Capital market reforms in India



Capital market reforms
The Indian regulatory and supervisory framework of securities market has been adequately strengthened through the legislative and administrative measures in the recent past. The regulatory framework for securities market is consistent with the best international benchmarks, such as, standards prescribed by International Organization of Securities Commissions (IOSCO).
  • Extensive Capital Market Reforms were undertaken during the 1990s encompassing legislative regulatory and institutional reforms. Statutory market regulator, which was created in 1992, was suitably empowered to regulate the collective investment schemes and plantation schemes through an amendment in 1999. Further, the organization strengthening of SEBI and suitable empowerment through compliance and enforcement powers including search and seizure powers were given through an amendment in SEBI Act in 2002. Although dematerialization started in 1997 after the legal foundations for electronic book keeping were provided and depositories created the regulator mandated gradually that trading in most of the stocks take place only in dematerialized form.
  • Till 2001 India was the only sophisticated market having account period settlement alongside the derivatives products.
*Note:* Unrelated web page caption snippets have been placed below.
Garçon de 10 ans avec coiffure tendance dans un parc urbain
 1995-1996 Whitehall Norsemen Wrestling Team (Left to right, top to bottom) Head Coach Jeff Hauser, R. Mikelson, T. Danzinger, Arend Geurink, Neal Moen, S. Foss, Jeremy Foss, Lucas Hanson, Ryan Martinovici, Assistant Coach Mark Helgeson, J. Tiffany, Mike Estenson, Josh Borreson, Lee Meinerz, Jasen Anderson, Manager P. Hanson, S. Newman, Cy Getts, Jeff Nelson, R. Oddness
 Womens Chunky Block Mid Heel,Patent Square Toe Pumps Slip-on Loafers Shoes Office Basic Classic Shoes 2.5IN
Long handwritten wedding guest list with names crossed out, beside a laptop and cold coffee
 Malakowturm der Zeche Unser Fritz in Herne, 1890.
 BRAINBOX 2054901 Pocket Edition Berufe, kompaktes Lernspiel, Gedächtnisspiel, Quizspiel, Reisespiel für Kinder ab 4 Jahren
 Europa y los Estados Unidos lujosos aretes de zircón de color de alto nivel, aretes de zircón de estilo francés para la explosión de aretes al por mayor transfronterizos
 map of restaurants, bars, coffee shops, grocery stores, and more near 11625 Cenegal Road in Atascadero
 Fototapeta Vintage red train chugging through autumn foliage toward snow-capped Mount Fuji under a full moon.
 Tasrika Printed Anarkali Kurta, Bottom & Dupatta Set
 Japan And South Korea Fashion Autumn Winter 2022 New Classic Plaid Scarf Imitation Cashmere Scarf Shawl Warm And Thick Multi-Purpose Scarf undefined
From middle of 2001 uniform rolling settlement and same settlement cycles were prescribed creating a true spot market.
  • After the legal framework for derivatives trading was provided by the amendment of SCRA in 1999 derivatives trading started in a gradual manner with stock index futures in June 2000. Later on options and single stock futures were introduced in 2000-2001 and now India’s derivatives market turnover is more than the cash market and India is one of the largest single stock futures markets in the world.
  • India’s risk management systems have always been very modern and effective. The VaR based margining system was introduced in mid 2001 and the risk management systems have withstood huge volatility experienced in May 2003 and May 2004. This included real time exposure monitoring, disablement of broker terminals, VaR based margining etc.
  • India is one of the few countries to have started the screen based trading of government securities in January 2003.
  • In June 2003 the interest rate futures contracts on the screen based trading platform were introduced.
  • India is one of the few countries to have started the Straight through Processing (STP), which will completely automate the process of order flow and clearing and settlement on the stock exchanges.
  • RBI has introduced the Real Time Gross Settlement system (RTGS) in 2004 on experimental basis. RTGS will allow real delivery v/s. payment which is the international norm recognized by BIS and IOSCO.
  • To improve the governance mechanism of stock exchanges by mandating demutualization and corporatization of stock exchanges and to protect the interest of investors in securities market the Securities Laws (Amendment) Ordinance was promulgated on 12th October 2004. The Ordinance has since been replaced by a Bill.